Жители Сольвейга жили в ладу с морем, их быт был прост и неизменен, как приливы. Их было немного — мужики, чинящие сети у порога, перебирая верёвки натруженными пальцами; женщины, варящие похлёбку из рыбы, картошки и трав, собранных на склонах, и дети бегали вдоль берега, собирая ракушки и гладкие камни, отшлифованные волнами до блеска. Утром мужчины уходили в море — их лодки скользили по воде, как тени, оставляя за собой рябь, а женщины разводили очаги, дым от которых поднимался к небу тонкими струйками, смешиваясь с солёным воздухом. Днём деревня оживала — стук топоров раздавался из-за сараев, где рубили дрова, плеск воды звучал у колодца, где девушки набирали вёдра, а смех малышей, игравших в прятки за стогами сена, звенел, как колокольчики. К вечеру все собирались у длинного стола под навесом у берега — ели хлеб с солью, запивали травяным настоем из глиняных кружек и слушали рассказы стариков о бурях, что унесли лодки, и морских духах, поющих в тумане. Жизнь текла спокойно, каждый день был похож на предыдущий, но в этом была своя прелесть — покой, который не нарушали ни войны, ни происходящее в далёких городах.
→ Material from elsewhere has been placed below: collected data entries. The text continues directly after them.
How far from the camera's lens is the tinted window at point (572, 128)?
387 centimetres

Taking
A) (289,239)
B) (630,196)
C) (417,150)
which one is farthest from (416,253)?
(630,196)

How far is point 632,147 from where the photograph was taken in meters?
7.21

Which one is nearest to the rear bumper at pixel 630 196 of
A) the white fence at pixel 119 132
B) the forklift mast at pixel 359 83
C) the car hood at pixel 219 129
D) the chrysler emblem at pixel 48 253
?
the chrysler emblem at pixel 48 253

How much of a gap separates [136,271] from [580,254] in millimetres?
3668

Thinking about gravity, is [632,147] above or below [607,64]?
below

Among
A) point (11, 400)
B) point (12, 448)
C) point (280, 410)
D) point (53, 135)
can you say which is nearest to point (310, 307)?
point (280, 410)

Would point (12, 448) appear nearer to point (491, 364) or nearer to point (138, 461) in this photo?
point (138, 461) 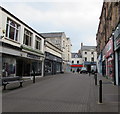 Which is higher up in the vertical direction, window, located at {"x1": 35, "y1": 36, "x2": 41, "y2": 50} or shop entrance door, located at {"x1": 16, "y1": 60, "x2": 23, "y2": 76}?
window, located at {"x1": 35, "y1": 36, "x2": 41, "y2": 50}

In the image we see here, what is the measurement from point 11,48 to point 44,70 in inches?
412

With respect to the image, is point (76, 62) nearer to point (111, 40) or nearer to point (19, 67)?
point (19, 67)

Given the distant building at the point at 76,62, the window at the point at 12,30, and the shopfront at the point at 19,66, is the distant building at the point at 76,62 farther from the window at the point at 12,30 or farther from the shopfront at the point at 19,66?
the window at the point at 12,30

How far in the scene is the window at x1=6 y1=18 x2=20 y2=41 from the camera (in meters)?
14.3

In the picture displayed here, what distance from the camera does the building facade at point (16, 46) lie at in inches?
523

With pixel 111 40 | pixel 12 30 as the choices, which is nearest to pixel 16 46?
pixel 12 30

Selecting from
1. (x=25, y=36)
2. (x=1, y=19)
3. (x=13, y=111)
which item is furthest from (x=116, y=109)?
(x=25, y=36)

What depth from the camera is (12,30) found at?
→ 15195mm

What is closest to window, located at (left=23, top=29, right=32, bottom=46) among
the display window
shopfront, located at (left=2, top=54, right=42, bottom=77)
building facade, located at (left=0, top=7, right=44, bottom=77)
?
building facade, located at (left=0, top=7, right=44, bottom=77)

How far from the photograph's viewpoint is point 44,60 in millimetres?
23938

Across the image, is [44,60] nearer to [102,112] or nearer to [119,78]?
[119,78]

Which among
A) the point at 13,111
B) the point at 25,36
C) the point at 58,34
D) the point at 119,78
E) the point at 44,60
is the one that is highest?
the point at 58,34

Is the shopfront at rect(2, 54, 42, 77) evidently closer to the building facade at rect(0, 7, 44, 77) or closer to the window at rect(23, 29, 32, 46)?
the building facade at rect(0, 7, 44, 77)

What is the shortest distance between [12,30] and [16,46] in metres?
1.74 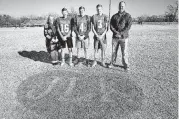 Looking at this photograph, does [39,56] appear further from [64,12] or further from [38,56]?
[64,12]

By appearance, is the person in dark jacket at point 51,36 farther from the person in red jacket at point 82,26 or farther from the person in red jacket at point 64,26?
the person in red jacket at point 82,26

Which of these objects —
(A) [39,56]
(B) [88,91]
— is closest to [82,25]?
(B) [88,91]

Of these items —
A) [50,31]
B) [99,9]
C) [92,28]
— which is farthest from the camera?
[50,31]

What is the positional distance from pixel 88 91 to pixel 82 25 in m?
2.54

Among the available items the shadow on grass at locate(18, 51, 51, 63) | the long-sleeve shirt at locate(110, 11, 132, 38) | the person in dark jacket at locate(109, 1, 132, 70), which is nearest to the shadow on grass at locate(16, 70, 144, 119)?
the person in dark jacket at locate(109, 1, 132, 70)

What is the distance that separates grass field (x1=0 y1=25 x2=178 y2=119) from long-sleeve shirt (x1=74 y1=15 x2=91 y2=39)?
1.32 meters

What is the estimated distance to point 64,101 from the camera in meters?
4.02

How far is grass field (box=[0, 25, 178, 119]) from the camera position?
140 inches

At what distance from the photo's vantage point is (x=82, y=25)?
234 inches

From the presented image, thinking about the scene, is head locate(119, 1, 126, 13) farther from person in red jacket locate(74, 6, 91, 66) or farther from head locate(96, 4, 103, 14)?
person in red jacket locate(74, 6, 91, 66)

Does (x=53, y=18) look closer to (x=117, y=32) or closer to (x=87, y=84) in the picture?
(x=117, y=32)

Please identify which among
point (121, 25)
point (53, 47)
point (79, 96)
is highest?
point (121, 25)

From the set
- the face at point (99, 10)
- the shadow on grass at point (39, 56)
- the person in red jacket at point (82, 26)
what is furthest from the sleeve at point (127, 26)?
the shadow on grass at point (39, 56)

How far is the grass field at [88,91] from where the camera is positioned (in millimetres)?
3562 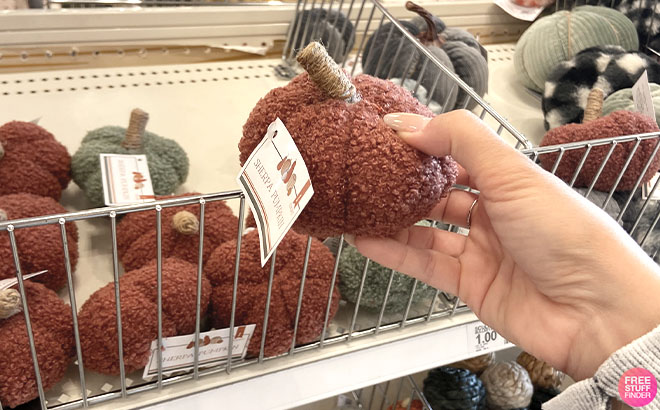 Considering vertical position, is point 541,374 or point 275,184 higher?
point 275,184

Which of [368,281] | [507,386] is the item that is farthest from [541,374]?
[368,281]

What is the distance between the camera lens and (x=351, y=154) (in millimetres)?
438

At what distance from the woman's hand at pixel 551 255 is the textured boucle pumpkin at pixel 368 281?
129 millimetres

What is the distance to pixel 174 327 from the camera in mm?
580

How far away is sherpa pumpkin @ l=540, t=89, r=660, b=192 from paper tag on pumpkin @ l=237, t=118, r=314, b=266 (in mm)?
473

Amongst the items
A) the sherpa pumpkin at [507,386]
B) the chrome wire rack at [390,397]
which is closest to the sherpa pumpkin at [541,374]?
the sherpa pumpkin at [507,386]

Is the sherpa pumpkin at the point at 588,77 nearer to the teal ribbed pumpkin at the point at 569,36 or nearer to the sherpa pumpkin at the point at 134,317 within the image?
the teal ribbed pumpkin at the point at 569,36

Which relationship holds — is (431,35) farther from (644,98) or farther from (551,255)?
(551,255)

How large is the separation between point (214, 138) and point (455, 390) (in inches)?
22.6

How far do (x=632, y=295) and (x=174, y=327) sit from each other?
15.7 inches

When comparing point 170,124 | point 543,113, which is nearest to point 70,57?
point 170,124

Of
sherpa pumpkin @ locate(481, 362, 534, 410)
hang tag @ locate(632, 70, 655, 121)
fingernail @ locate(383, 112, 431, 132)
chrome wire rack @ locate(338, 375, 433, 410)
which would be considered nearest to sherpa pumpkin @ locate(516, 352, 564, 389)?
sherpa pumpkin @ locate(481, 362, 534, 410)

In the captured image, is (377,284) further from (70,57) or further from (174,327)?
(70,57)

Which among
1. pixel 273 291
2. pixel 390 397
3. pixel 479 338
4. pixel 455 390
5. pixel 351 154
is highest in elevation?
pixel 351 154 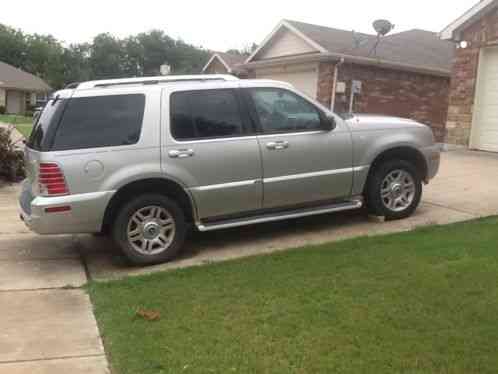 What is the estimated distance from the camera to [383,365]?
3.78 metres

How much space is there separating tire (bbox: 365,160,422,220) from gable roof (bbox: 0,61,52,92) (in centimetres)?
5195

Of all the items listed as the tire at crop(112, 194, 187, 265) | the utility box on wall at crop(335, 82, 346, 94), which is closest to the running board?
the tire at crop(112, 194, 187, 265)

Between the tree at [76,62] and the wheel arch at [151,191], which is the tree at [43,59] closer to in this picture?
the tree at [76,62]

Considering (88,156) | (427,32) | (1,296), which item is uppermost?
(427,32)

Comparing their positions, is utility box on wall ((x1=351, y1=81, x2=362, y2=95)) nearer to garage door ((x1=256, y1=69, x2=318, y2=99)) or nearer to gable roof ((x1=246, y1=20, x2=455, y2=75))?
gable roof ((x1=246, y1=20, x2=455, y2=75))

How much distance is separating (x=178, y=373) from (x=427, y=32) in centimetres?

В дальнем конце деревни, ближе к обрыву, где море пело громче всего, стоял дом Иллариона. Он был ниже других, сложен из камня, поросшего мхом, а его крыша, чуть покосившаяся, сливалась с зелёным склоном, на котором он приютился. Перед домом росла яблоня, чьи ветви гнулись под тяжестью спелых плодов, красных и золотых, а у порога лежал старый коврик, вытканный из шерсти, выцветший от солнца и ветра до бледно-голубого оттенка. Илларион был стариком, чьи годы оставили следы на его теле, но не погасили огнь в душе. Его потрёпанный синий балахон, некогда яркий, теперь выцвел до цвета пасмурного неба, а под капюшоном струились длинные седые волосы, спадывающие на плечи, как серебряные нити, мягкие и гладкие, несмотря на возраст. Его лицо, покрытое сетью морщин, обрамляла идеально подстриженная серебристая борода. Но главное — тепло и доброта, светящиеся в голубых глазах, глубоких, как море в ясный день. В руках он сжимал дубовую палку — гладкую, отполированную временем, испещрённую узлами и письменами древних времён. Она была не просто опорой: в ней дремала сила, неспешно струясь сквозь его пальцы, невидимая для тех, кто приходил к нему за помощью.
Годы текли, как волны Недремлющего моря, а Илларион всё жил в Сольвейге. Время стерло память о том дне, когда он впервые ступил на эти берега.
Для жителей он был просто целителем — седобородым старцем с ласковым взглядом, чьи руки врачевали раны и хвори. Но никто не ведал, какая бездна силы таилась за его кротостью.
Одним словом он мог укротить шторм. Одним прикосновением посоха — вырвать душу из лап смерти. Одним взором — рассеять тьму, плетущуюся в ночи.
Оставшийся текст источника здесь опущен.